If I thought you were just like some used car salesmen who didn’t really have passion for the stuff you are selling and just wanted to make the sale at the highest price tag possible then I wouldn’t do that. Because if I just outright told you I knew nothing about cars and you were unauthentic then you would use that to abuse my wallet right? I would simply just say things like “I just need a car to get to work” while coming in with all my researched data to try and ensure that I am getting the best deal. The contrast can be like night and day where it should be very apparent if I feel you are authentic or not.
In essence, it is virtually all the same when it comes to a relationship in general and knowing if a person like me is allowing you into my deeper zone. The added complexity is of course if we are talking about a love sort of relationship there are more zones/layers to this as it is not just a customer and employee relationship.
While keeping all this in mind, let’s now use an example of a relationship. Let’s say there is a girl who I feel isn’t pure and compassionate. Example, I have seen her break other people’s belongings with no consideration as she has a “I don’t care since it’s not mine” attitude. Now for whatever reason she is now pursuing me to see if a relationship can be built and seems to be acting nice. My interaction with her will in-turn be very straight to the point. If she needs help then I’ll help and then be on my way. When we have regular conversations I wouldn’t be inclined to mention anything about meaningful life challenges that I have or am experiencing because based on what I know at the moment about her character it’s not someone I want in my life in a frequent manner. In many ways, it is like being skeptical of the used car sales person. However, I would still give them a bottle of water if they were in dire need of one.

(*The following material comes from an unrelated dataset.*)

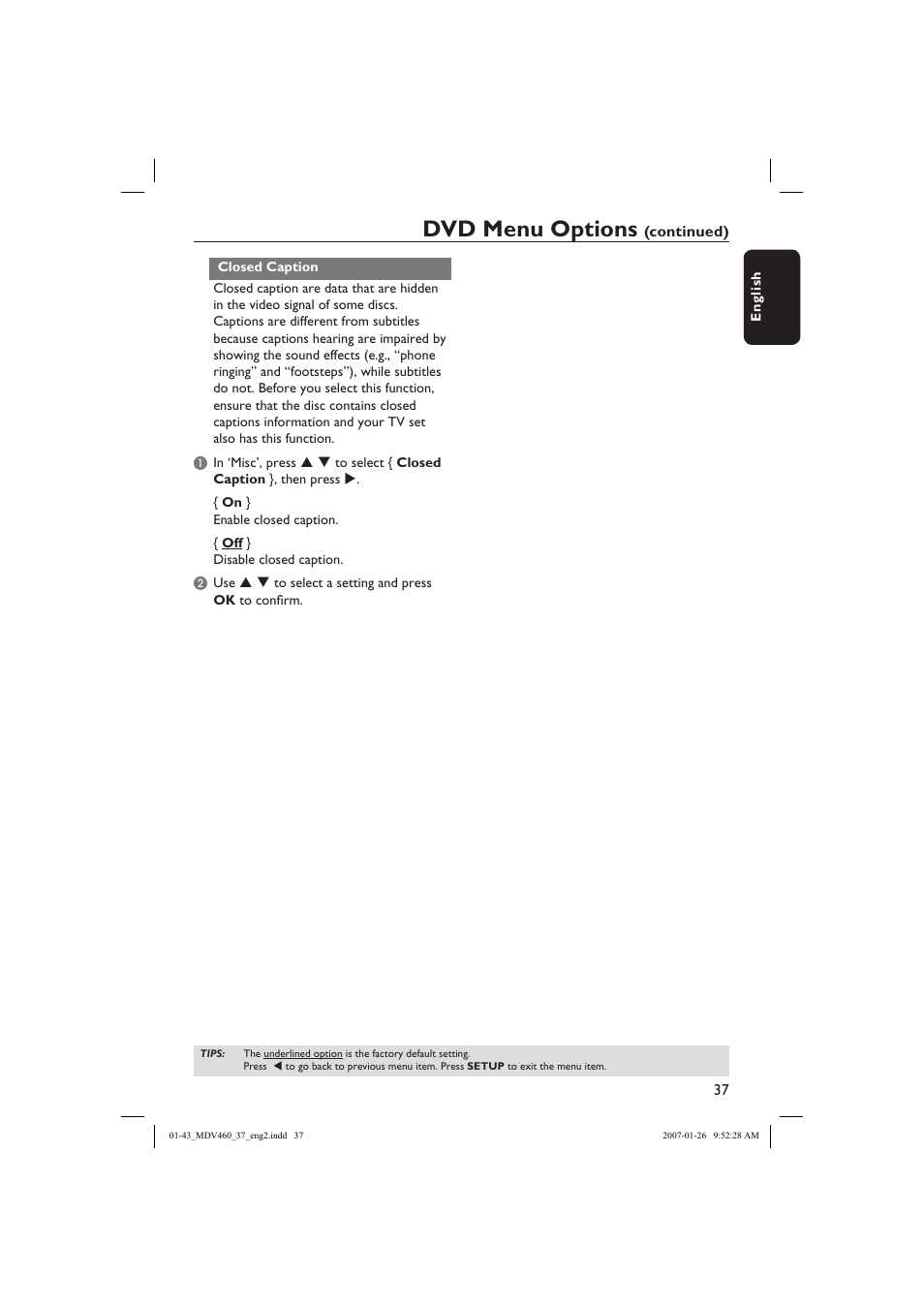 Dvd menu options | Philips Magnavox MDV460 User Manual | Page 37 / 43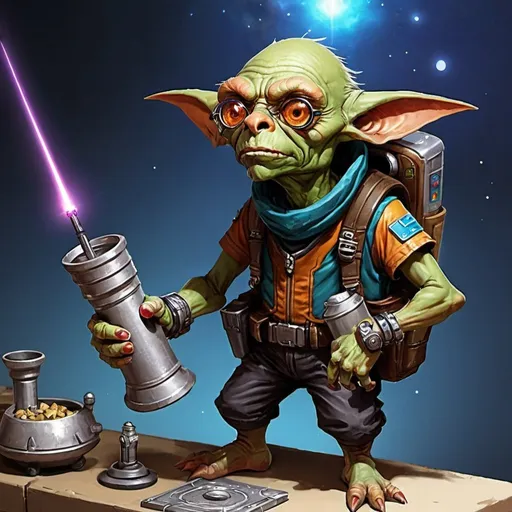 Prompt: Sci-fi starfinder space faring piazo Space-goblin shopkeep junk dealer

Now let’s say there is a girl who I think exhibits some extremely good characteristics of things like compassion and perseverance. If she asks me for help I’ll do it and then follow up by making sure she doesn’t need help with anything else or even sharing personal experiences that are similar to what she just went through. During regular conversations I would be inclined to share past or current challenges where I am giving you the opportunity to know about me on a deeper level which you can then do as you please with it. Because I think you are an authentic person I feel comfortable in doing this. Your actions with what you do with that information aids me to get the true big picture on how we relate or connect.
With the two examples I wrote, it should be extremely evident again on which person I am viewing as the authentic one to allow deeper into my life. If you think about it, is it truly any different in essence then what everyone else does in terms of how they would treat people who they feel are authentic? My main thought would be some people just do it in a different style. Like with the first person they would just be confrontational about it and say scram. However, because for a person like me I usually want to help others the only real difference is I am more consistent in simply being friendly/professional about it.